Выбрать главу

Всо это было бы очень просто, если бы Маракулин-Ремизов был прав в своем простом описании кабинета, правильно разделенного на две половины, на два отдела: с одной стороны нестеровская «Святая Русь», с другой стороны-клетки с обезьянами; одесную-страдающие и распинаемые праведники, ошую-распинающие и гримасничающие обезьяны… Если бы творчество А. Ремизова было таким аракчеевски-прямолинейным, то о нем не стоило бы ни говорить, ни писать.
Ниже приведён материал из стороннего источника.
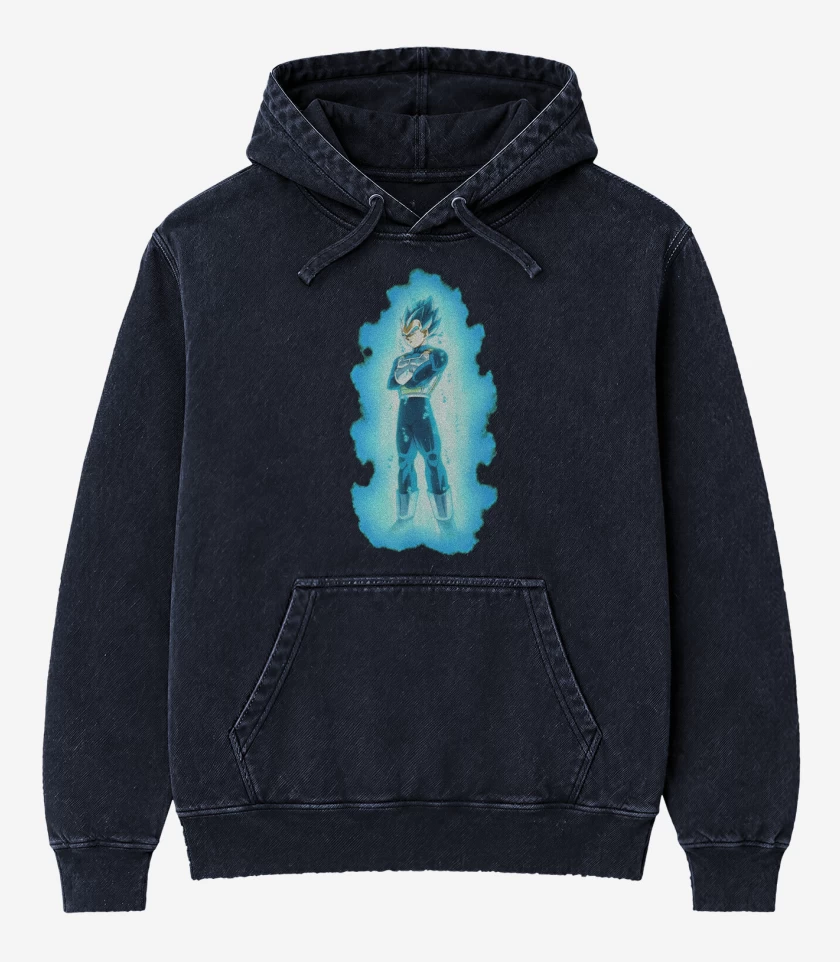 Poleron Canguro Acid Wash Azul Marino de Vegeta dios kii blue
Но в том-то и дело, в том-то и сложность творчества А. Ремизова, что в жизни, им видимой, чувствуемой и изображаемой, все смешано, перепутано, сплетено: страдающие праведники сходят с нестеровской «Святой Руси», смешиваются с толпой обезьян и предаются оргии зверской жестокости и всяческого непотребства; только одни лучистые, «как потерянные», глаза выдают их внутренний ужас и муку. Все смешивается: зло с добром, правда с ложью, обезьяна с праведником. И посреди этой смешанной, кошмарной толпы, среди этой кошмарной жизни, им же изображенной, стоит А. Ремизов, как Маракулин в кабинете Плотникова: «Маракулин стоял между „Святой Русью“ и обезьяной и ровно ничего не мог понять»…

2.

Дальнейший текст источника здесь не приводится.